Legacy leaders, those longstanding employees at organizations who have worked their way through various positions into leadership-level roles, influence the entirety of the company. Whether they lead well or poorly has an effect on everyone. The way to ensure these loyal team-players are also forward-thinking optimizers is by setting up leadership coaching, training, and support early on in the company’s life.
Good leaders, we know, are not born; they’re taught, shaped, led, and inspired by others who have led well. However, investing in leadership education and development can be a hard pill for organizations to swallow, especially when they are young and don’t identify resources to put toward something so seemingly abstract.
Legacy leaders have grown with the organization since its inception, yet their narrow band of experience may cause them to negatively impact their colleagues as they lack the proper understanding of how to influence others productively.
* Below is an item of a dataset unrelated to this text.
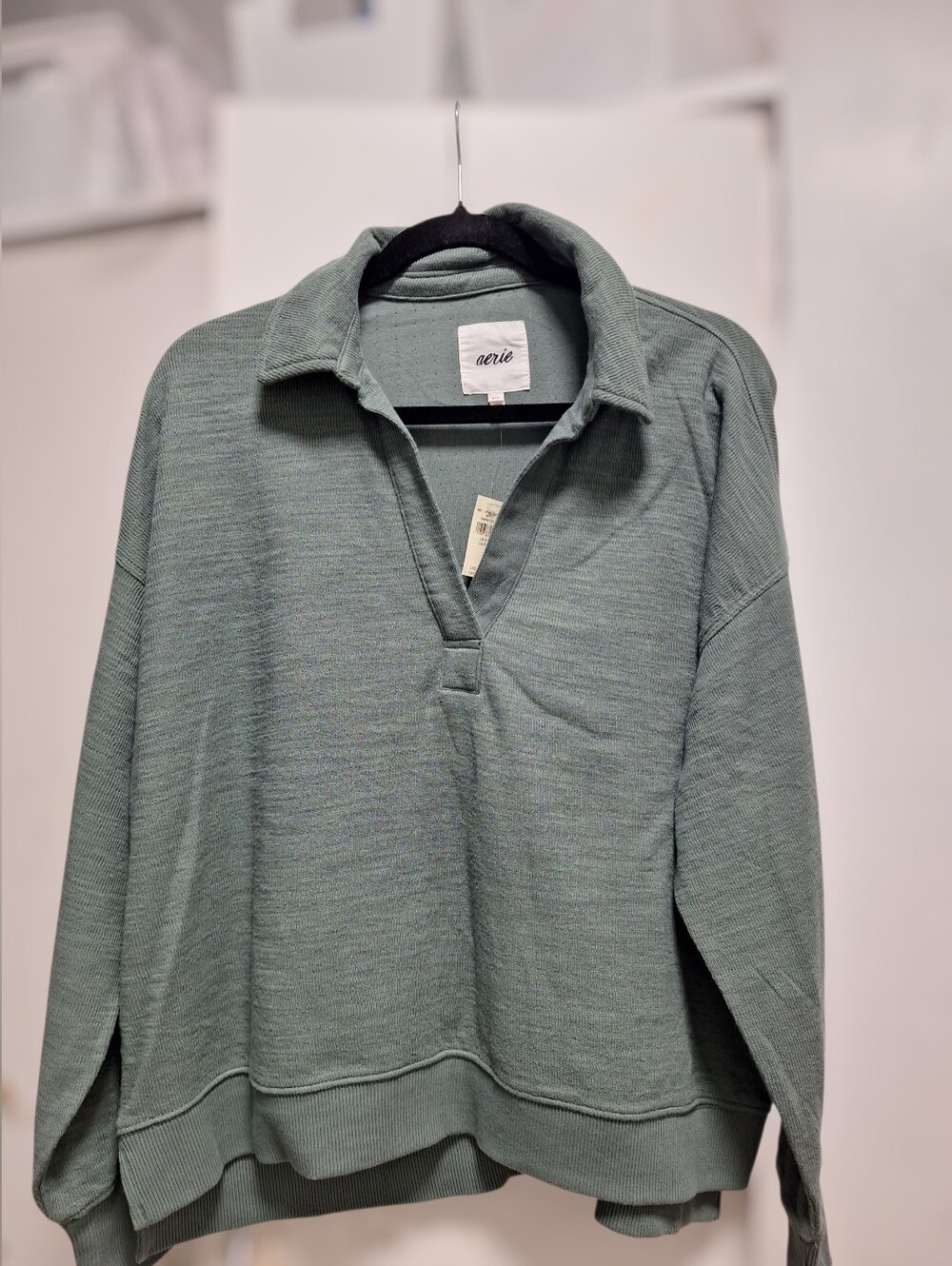 aerie Washed Sage Collared Pullover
Their commitment to a company might set them up for powerful leadership potential, but it sometimes ends up hindering their performance and professional interactions, instead.
How does this happen? Ultimately, legacy leaders understand the nuances within history of the organization: the pain points, big wins, and major learning curves the company has undergone since its infancy. They feel a deep sense of loyalty to the organization after spending a decade or more toward its development. They understand the various roles within the organization because, likely, they’ve been in those different jobs that others now do. Legacy leaders also have longstanding relationships with clients, positioning them as experts within their field and organization.
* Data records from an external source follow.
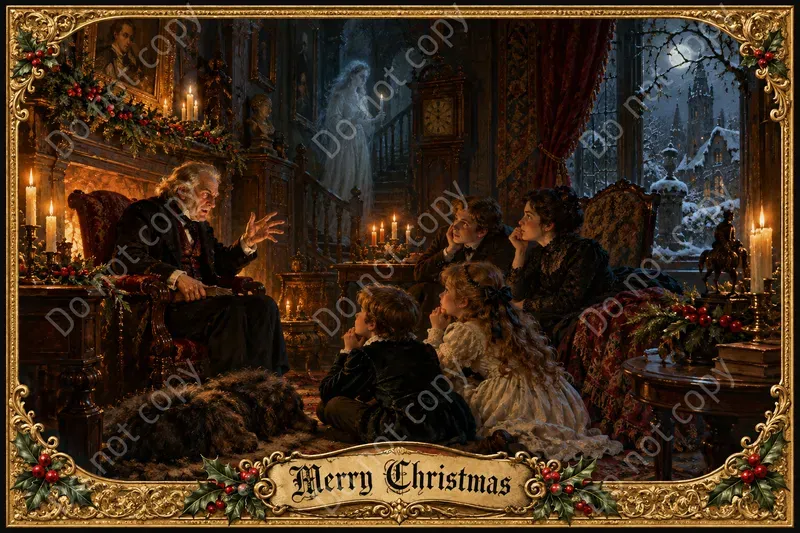 Gothic Christmas Postcard Art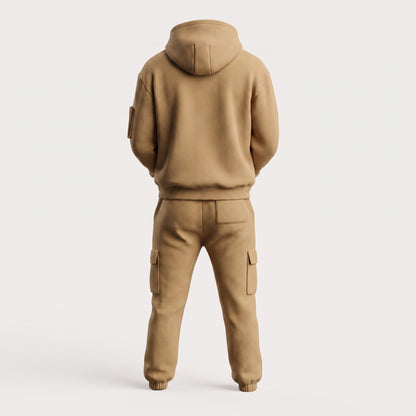 Men's Half-Zip Hooded Tracksuit Set Cargo Pockets Relaxed Fit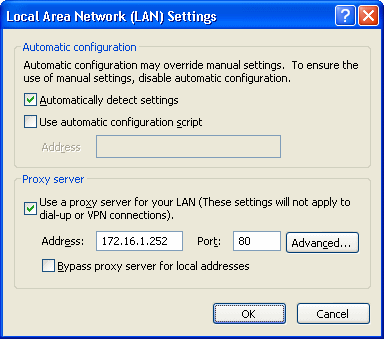 Figure: LAN Settings - Proxy server is used.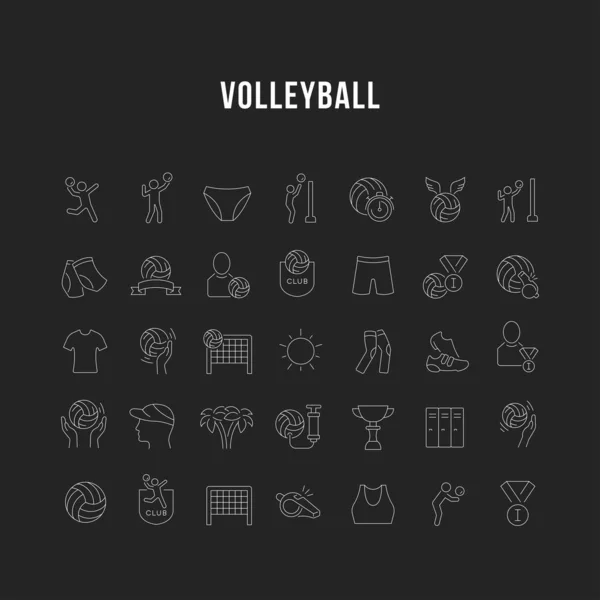 Set vectorlijn Pictogrammen van Volleybal. — Stockvector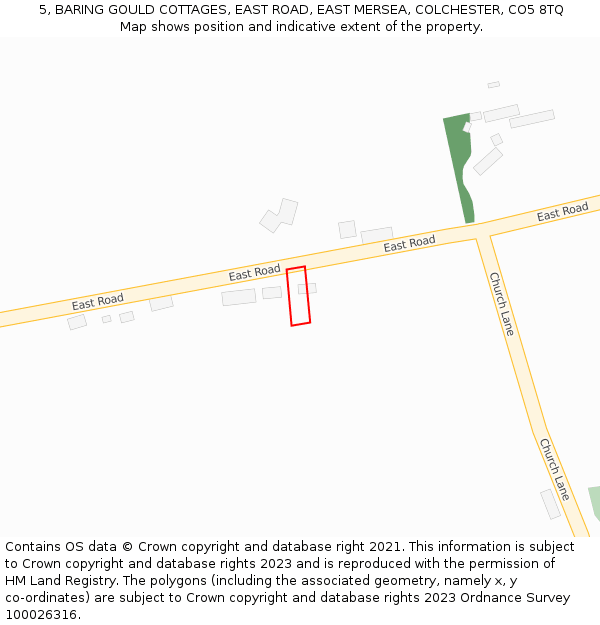 5, BARING GOULD COTTAGES, EAST ROAD, EAST MERSEA, COLCHESTER, CO5 8TQ: Location map and indicative extent of plot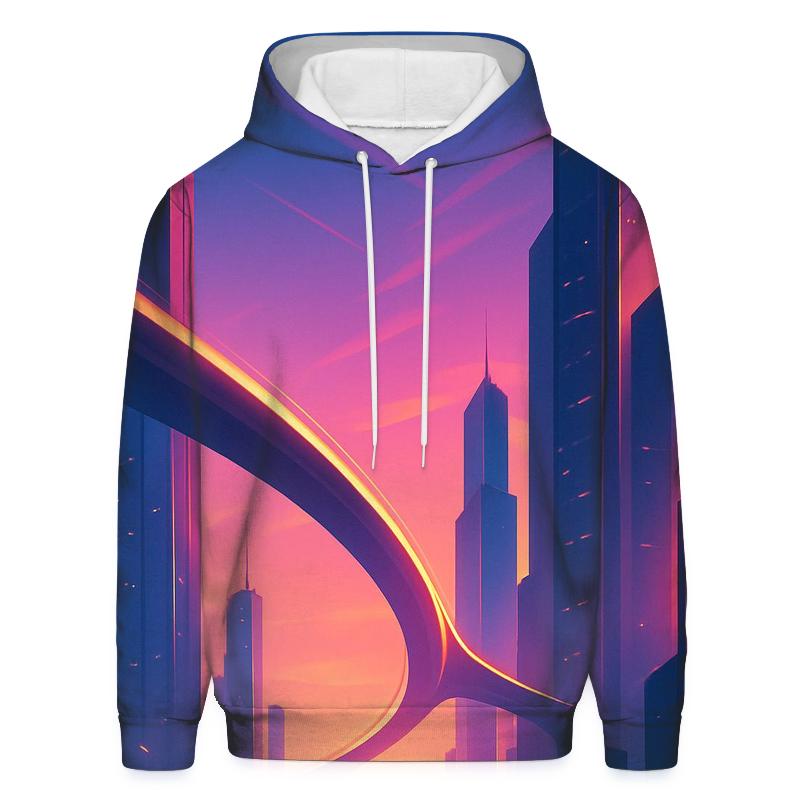 Neon Dusk Over Silent Sky Bridges hoodies fashion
Yet, somewhere along their career path, things go awry. These long-term team members become locked into the belief that they know what’s best, since they’ve been at the organization for so long. How it’s been done becomes more important than innovation, progression, and advancement. Eventually, their reliance that they simply “know” how things should go, doesn’t match the needs of the employees, or the organization as a whole.
Their legacy, which they’ve built their career upon, becomes lost. Sure, they are committed to the company, but to what end? Their pride and self-protection affects newer staff and the forward momentum of the organization tremendously, and terribly. Further, given their myopic perspective, these leaders are prone to play favorites, or skirt around mentoring staff and helping newer colleagues transition.
These behaviors and mindsets spiral into a harmful workplace culture, affecting the entirety of the team, as well as clients or customers.
The fix to such unhealthy legacy leadership is attainable, yet many companies fail to take action. In these situations, we find leadership development is almost always missing or poorly done.
It can be difficult for some organizations to figure out the economics of professional development. It takes both time and money that could arguably be outsourced to more concrete development and revenue. However, this belief has been proven to be short-sighted.
Placing a focus on leadership development sets up companies for growth, longevity, and deepened purpose for all employees. Without it, leaders will hit a wall and feel competitive and possessive over the company’s roots, rather than capable of leading it forward with strong teams and a clear vision that inspires commitment and passion throughout their organization.